:: The data ::

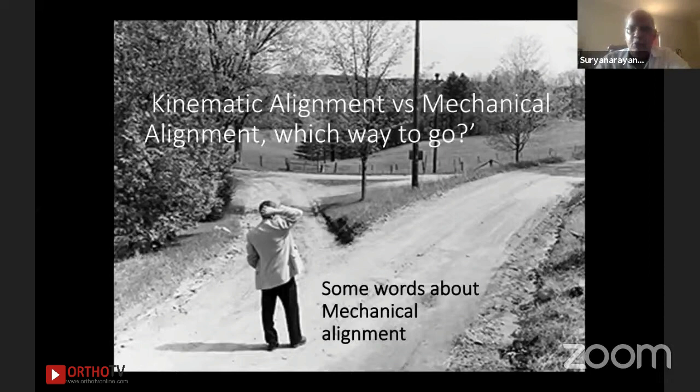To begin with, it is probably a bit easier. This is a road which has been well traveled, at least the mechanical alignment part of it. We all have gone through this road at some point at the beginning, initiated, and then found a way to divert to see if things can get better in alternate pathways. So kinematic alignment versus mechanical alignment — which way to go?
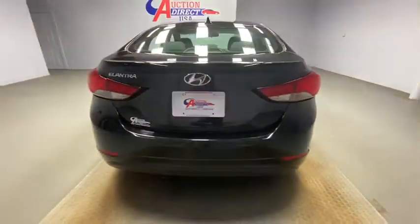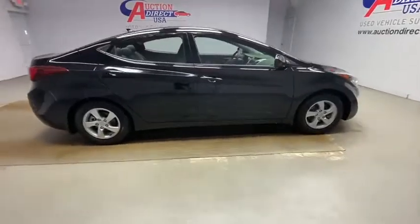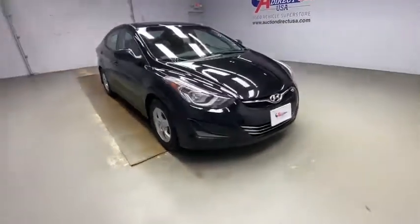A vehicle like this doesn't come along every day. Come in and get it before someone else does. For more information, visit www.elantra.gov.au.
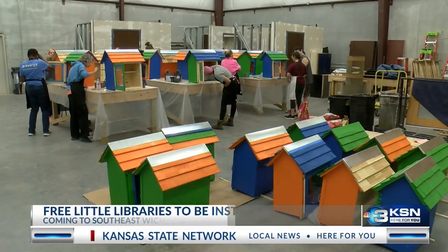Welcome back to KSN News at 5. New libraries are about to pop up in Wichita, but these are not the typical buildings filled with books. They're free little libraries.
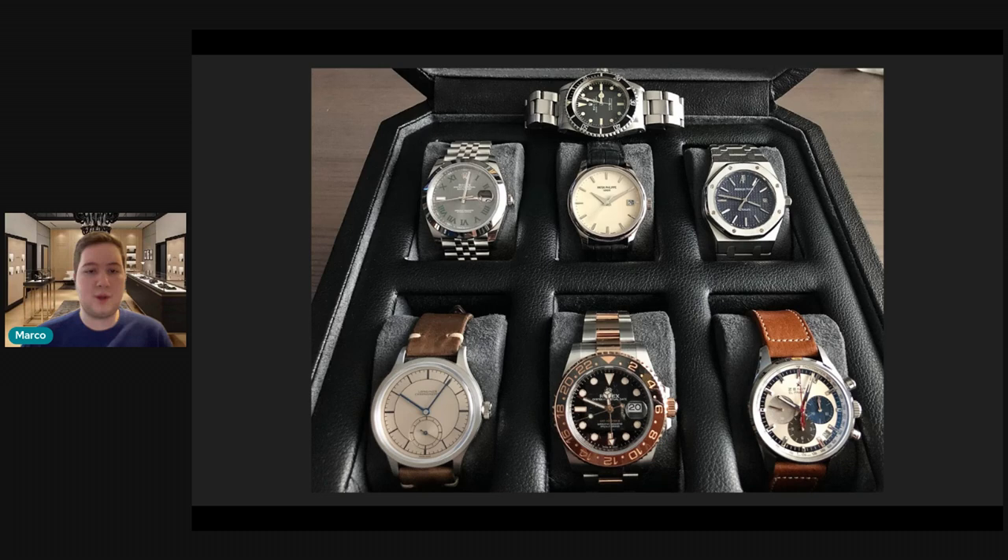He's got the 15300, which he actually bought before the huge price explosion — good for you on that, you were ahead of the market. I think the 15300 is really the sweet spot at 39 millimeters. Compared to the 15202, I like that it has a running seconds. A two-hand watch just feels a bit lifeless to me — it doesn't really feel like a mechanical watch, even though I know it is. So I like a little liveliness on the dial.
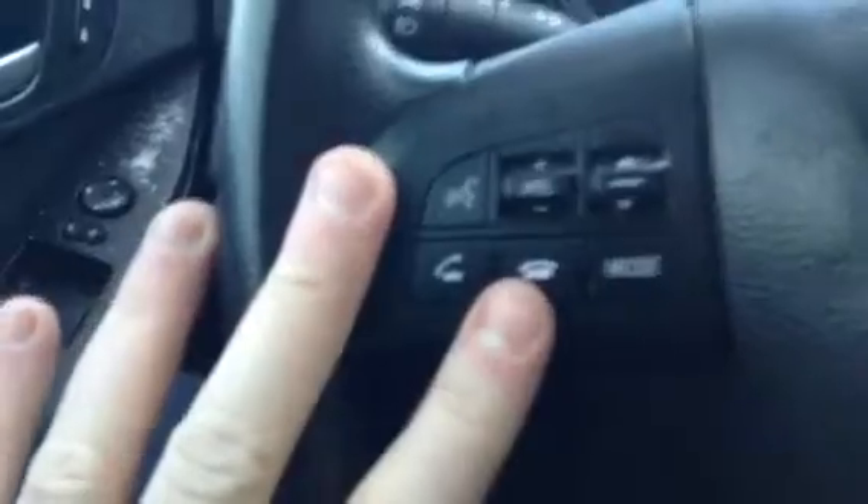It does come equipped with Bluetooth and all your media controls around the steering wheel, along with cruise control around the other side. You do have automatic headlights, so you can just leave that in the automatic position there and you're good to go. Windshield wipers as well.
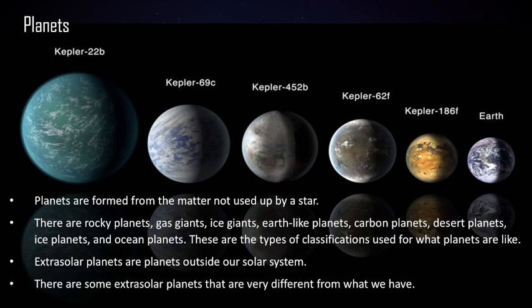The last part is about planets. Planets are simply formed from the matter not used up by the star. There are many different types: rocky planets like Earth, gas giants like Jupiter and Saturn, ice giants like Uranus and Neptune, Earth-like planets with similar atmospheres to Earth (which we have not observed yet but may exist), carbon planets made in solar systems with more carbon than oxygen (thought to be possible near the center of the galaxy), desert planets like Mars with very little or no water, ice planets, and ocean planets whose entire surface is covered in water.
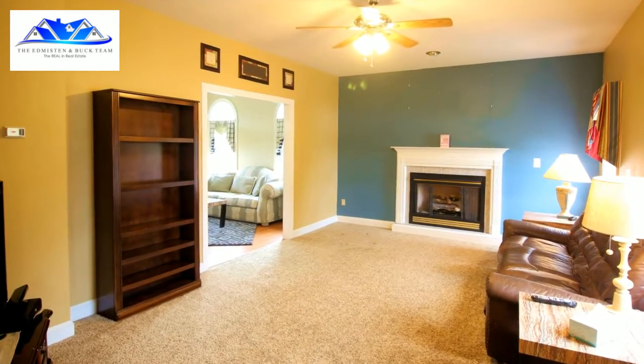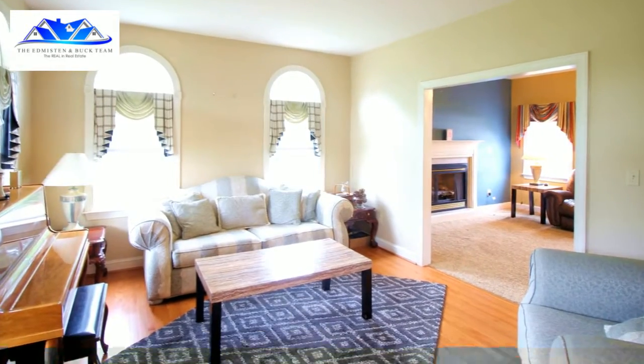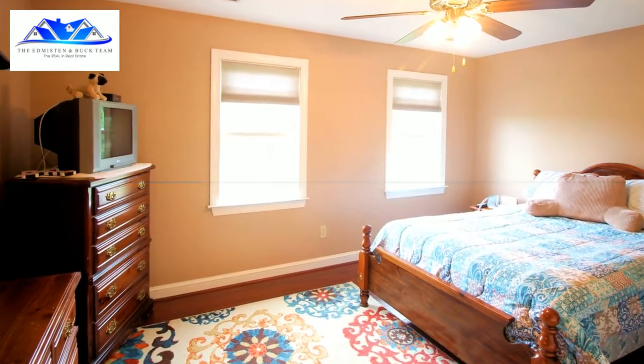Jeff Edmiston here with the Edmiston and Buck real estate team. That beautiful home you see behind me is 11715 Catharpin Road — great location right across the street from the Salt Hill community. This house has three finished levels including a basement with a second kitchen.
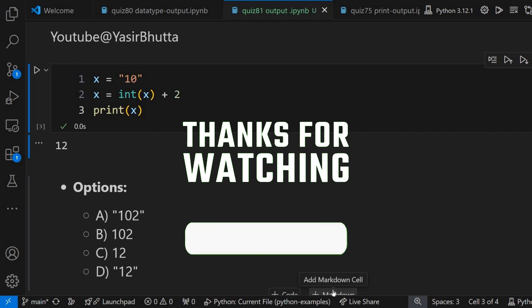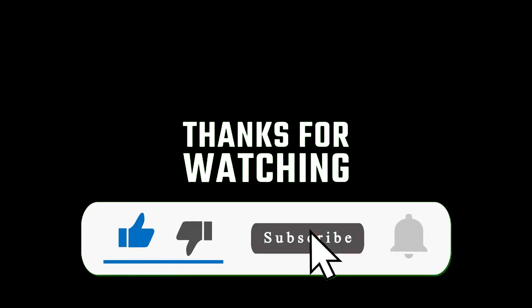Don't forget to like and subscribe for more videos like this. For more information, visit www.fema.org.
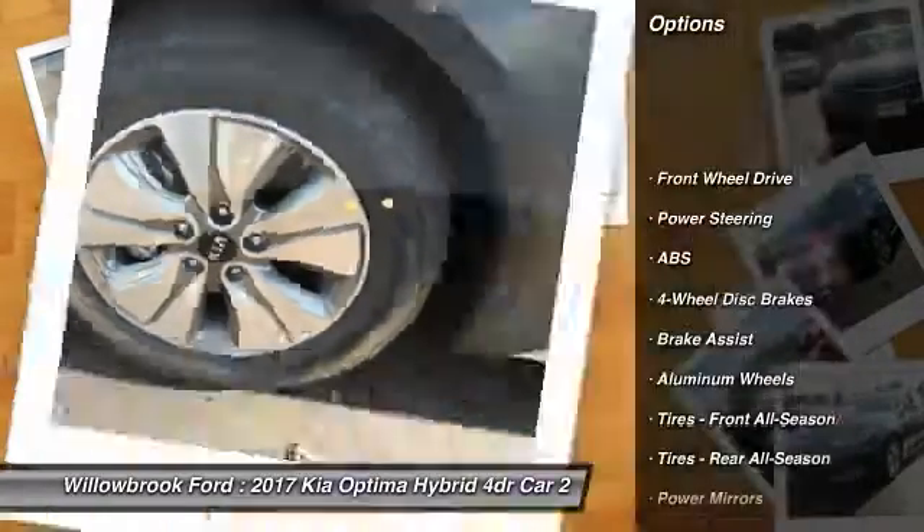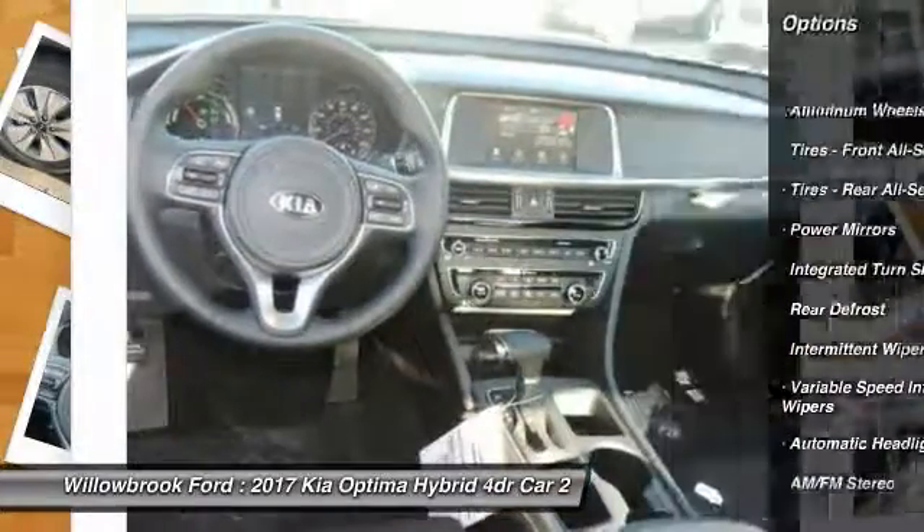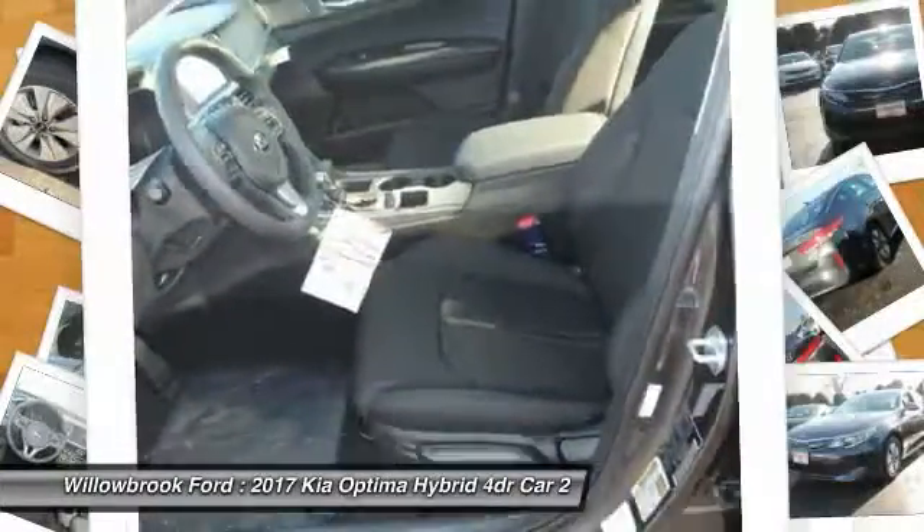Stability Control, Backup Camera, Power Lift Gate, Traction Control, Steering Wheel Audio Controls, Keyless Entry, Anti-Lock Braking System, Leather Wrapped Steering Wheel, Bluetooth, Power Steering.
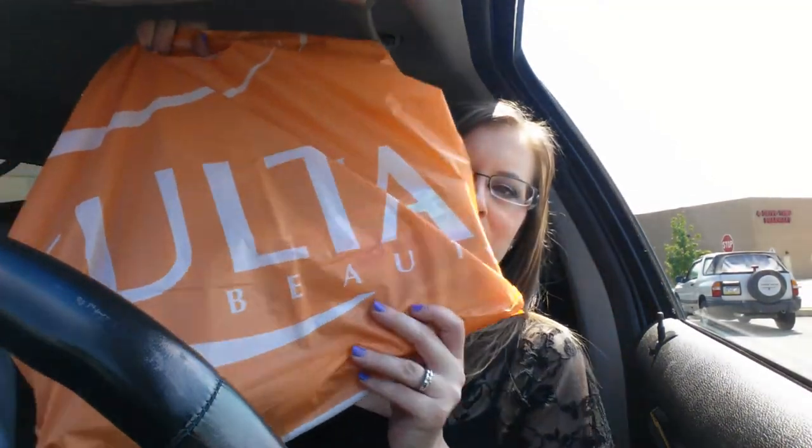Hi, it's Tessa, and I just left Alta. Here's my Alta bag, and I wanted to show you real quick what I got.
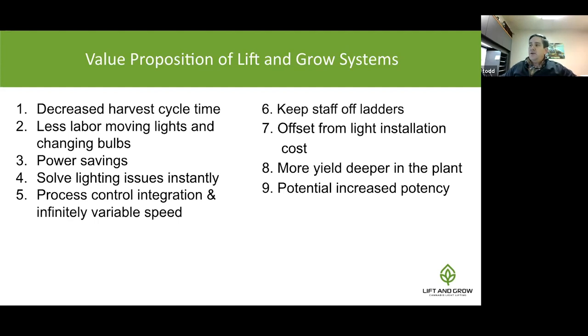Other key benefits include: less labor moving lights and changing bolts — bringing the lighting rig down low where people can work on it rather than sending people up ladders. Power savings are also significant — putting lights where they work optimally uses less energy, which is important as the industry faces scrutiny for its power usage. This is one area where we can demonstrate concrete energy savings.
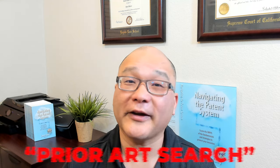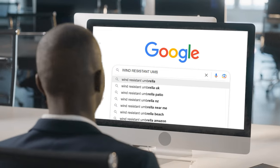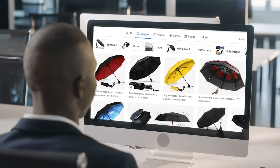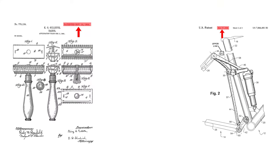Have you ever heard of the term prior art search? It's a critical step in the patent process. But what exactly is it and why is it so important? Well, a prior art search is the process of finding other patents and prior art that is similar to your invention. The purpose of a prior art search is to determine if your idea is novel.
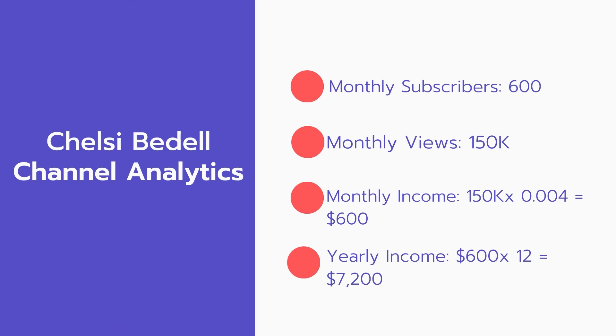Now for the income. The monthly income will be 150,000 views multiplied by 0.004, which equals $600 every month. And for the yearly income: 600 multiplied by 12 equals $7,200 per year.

:::

Instructions to follow:
Print, exactly, each line above from the one with "The last part" to the one with "Don't forget to", end lines included. Leave pictures out of it.

Your solution:
The last part is about planets. Planets are simply formed from the matter not used up by the star. There are many different types: rocky planets like Earth, gas giants like Jupiter and Saturn, ice giants like Uranus and Neptune, Earth-like planets with similar atmospheres to Earth (which we have not observed yet but may exist), carbon planets made in solar systems with more carbon than oxygen (thought to be possible near the center of the galaxy), desert planets like Mars with very little or no water, ice planets, and ocean planets whose entire surface is covered in water.
Jeff Edmiston here with the Edmiston and Buck real estate team. That beautiful home you see behind me is 11715 Catharpin Road — great location right across the street from the Salt Hill community. This house has three finished levels including a basement with a second kitchen.
Don't forget to like and subscribe for more videos like this. For more information, visit www.fema.org.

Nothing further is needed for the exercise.